PROBLEM STATEMENT
In the listing that follows, locate the line containing "Image 5 of 37 For 1423 Chesterfield Drive" and the line containing "Essai Toyota MR 2000". Retype exactly those two lines and every line between them, and nothing more.

INPUT DATA

Start of Block

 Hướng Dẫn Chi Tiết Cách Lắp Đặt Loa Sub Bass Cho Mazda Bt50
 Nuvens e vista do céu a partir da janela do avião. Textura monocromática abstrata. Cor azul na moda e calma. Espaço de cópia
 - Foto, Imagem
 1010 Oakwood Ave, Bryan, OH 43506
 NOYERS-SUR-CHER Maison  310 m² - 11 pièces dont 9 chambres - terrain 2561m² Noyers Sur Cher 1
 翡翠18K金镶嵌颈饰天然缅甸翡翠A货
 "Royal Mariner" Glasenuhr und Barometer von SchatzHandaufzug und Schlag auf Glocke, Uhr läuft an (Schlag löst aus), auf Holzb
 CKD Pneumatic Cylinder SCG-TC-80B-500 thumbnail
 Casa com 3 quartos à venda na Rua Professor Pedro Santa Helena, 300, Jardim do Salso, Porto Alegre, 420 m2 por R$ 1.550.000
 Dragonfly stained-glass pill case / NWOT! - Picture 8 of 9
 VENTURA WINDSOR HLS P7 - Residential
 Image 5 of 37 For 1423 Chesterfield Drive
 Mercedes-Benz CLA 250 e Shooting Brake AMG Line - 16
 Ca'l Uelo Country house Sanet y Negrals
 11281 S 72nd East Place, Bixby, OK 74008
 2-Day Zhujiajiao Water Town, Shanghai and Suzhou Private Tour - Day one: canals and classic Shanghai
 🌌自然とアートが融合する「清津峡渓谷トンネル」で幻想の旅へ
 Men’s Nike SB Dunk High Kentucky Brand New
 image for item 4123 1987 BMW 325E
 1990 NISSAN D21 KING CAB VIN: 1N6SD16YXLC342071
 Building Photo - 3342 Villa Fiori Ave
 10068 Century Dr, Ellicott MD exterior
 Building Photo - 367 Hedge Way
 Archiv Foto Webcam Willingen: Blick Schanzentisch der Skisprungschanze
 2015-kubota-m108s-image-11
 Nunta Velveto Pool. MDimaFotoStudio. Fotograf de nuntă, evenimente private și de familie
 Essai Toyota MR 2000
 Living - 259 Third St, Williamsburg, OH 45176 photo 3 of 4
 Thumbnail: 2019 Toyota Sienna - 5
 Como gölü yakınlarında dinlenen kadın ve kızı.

End of Block

ANSWER SECTION
 Image 5 of 37 For 1423 Chesterfield Drive
 Mercedes-Benz CLA 250 e Shooting Brake AMG Line - 16
 Ca'l Uelo Country house Sanet y Negrals
 11281 S 72nd East Place, Bixby, OK 74008
 2-Day Zhujiajiao Water Town, Shanghai and Suzhou Private Tour - Day one: canals and classic Shanghai
 🌌自然とアートが融合する「清津峡渓谷トンネル」で幻想の旅へ
 Men’s Nike SB Dunk High Kentucky Brand New
 image for item 4123 1987 BMW 325E
 1990 NISSAN D21 KING CAB VIN: 1N6SD16YXLC342071
 Building Photo - 3342 Villa Fiori Ave
 10068 Century Dr, Ellicott MD exterior
 Building Photo - 367 Hedge Way
 Archiv Foto Webcam Willingen: Blick Schanzentisch der Skisprungschanze
 2015-kubota-m108s-image-11
 Nunta Velveto Pool. MDimaFotoStudio. Fotograf de nuntă, evenimente private și de familie
 Essai Toyota MR 2000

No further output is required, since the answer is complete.